Odd Lots
For some decades, the bibulous cognoscenti have spurned the Champagne coupe, viewing it as old-fashioned and philistine, believing it to be dysfunctional due to its wide surface dissipating the effervescence too quickly. Everyone has, more recently, been drinking the bubbly out of flutes.
The old-time coupe, though, had a certain romance. Its form, legend has it, was taken from Marie Antoinette’s left breast.
Everything old eventually becomes new again, and the coupe is making a comeback. So much so, that, in Britain, Folc, a wine-making company known for its Rosé, is trying to better the French Queen by offering a line of five Champagne coupes patriotically shaped upon the anatomies of several British damsels.
World Turned Upside Down department: Israel is now arming Germany.
Lydia Laurenson met Jeffrey Epstein twice. She found him impressive, but he also evidently creeped her out.
The International Court of Criminal Justice, a year ago, issued arrest warrants for Israel’s Prime Minister and Minister of Defense for “genocide.” Donald Trump is doing something in response, and there is a key difference. His actions have effects.
Arnaud Bertrand:
”Le Monde has a long article describing the hellish life of Nicolas Guillou, a French judge at the ICC in The Hague, due to U.S. sanctions punishing him for authorizing arrest warrants against Netanyahu and Gallant for war crimes in Gaza. Guillou’s daily existence has been transformed into a Kafkaesque nightmare. He cannot: open or maintain accounts with Google, Amazon, Apple, or any US company; make hotel reservations (Expedia canceled his booking in France hours after he made it); conduct online commerce, since he can’t know if the packaging is American; use any major credit card (Visa, Mastercard, Amex are all American); access normal banking services, even with non-American banks, as banks worldwide close sanctioned accounts; conduct virtually any financial transaction. He describes it as being “economically banned across most of the planet,” including in his own country, France, and where he works, the Netherlands.”
Donald Trump often makes real Americans smile.
Keeping up with the times is important: In Italy, the Mafia is using social media to recruit new blood.

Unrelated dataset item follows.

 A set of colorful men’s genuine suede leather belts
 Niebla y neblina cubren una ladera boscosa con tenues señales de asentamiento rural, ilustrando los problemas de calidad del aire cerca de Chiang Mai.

Ever been to Carmel, California? Carmel does a great job of epitomizing the haute bourgeois ethos California-style. Not altogether surprisingly, Carmel recently banned the rising game of pickleball.



The Delphic Oracle says:
The coupe has one of those delightfully muddled histories where myth struts around pretending to be fact, and the truth is sneakier and more interesting.
The familiar legend insists the bowl was modeled on the breast of Marie Antoinette—or, depending on the storyteller, Madame de Pompadour. Cute story. Zero evidence. Pure 19th-century fantasy invented by people who liked their glassware with a saucy backstory.

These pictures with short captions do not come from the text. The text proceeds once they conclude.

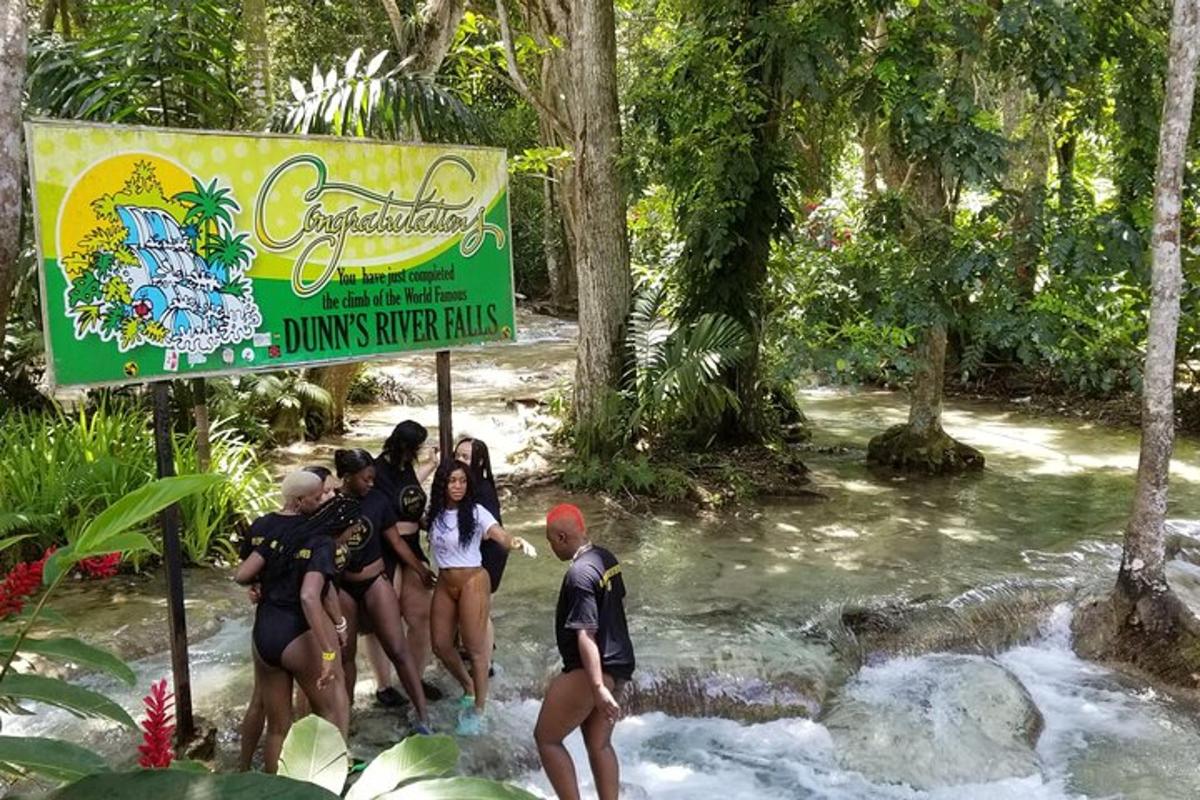 a group of people standing in a river with a sign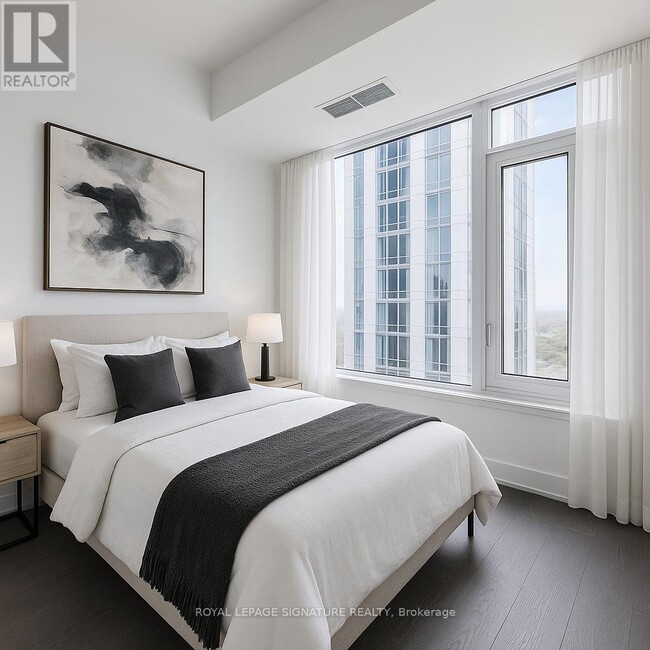 Photo du bâtiment - 11-4411 Yorkville Ave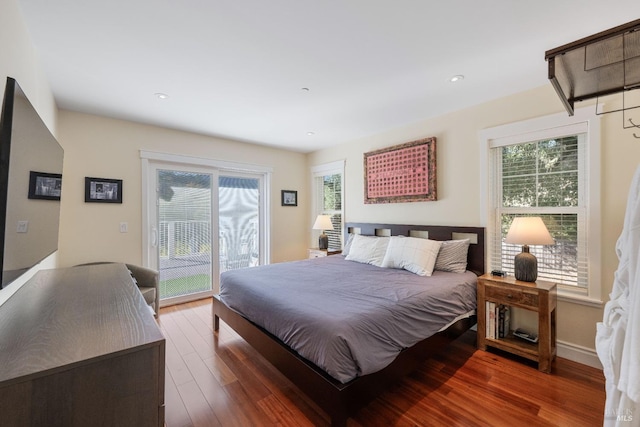 bedroom featuring dark hardwood / wood-style flooring, access to outside, and multiple windows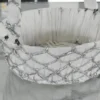 Ornamental silver mesh basket featured in a Diwali festive hamper and Dhanteras gift arrangement.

The real origin sits in the early 18th century. French glassmakers were already producing shallow, broad-bowled wine glasses for sweet and sparkling wines long before the fluted style existed. The earliest printed references to a “coupe” for champagne date to the 1720s–1740s—when champagne was still often drunk more like a sweet, still wine. The bubbly stuff we think of as modern champagne didn’t get fully stabilized until later in the century.
The coupe’s shape makes immediate sense in that older era. Big bowl: let aromas disperse. Wide opening: release the aggressive fizz of early, less-refined champagnes. No one was worried about preserving bubbles with scientific efficiency; they were worried about not having the cork take out an eye.
The funny twist is that by the late 19th and early 20th centuries—after winemaking improved and carbonation became more deliberate—the coupe stuck around mostly because it looked glamorous. Think Belle Époque Paris, Art Deco hotels, Hollywood golden age. It photographed beautifully. It stacked beautifully in those ridiculous champagne towers. And etiquette guides praised it for being “seductive,” which is not a metric we use in glass engineering today.
I've never visited Carmel. It must be a tiny village if one can't escape the sound of pickleball paddles anywhere within its boundaries.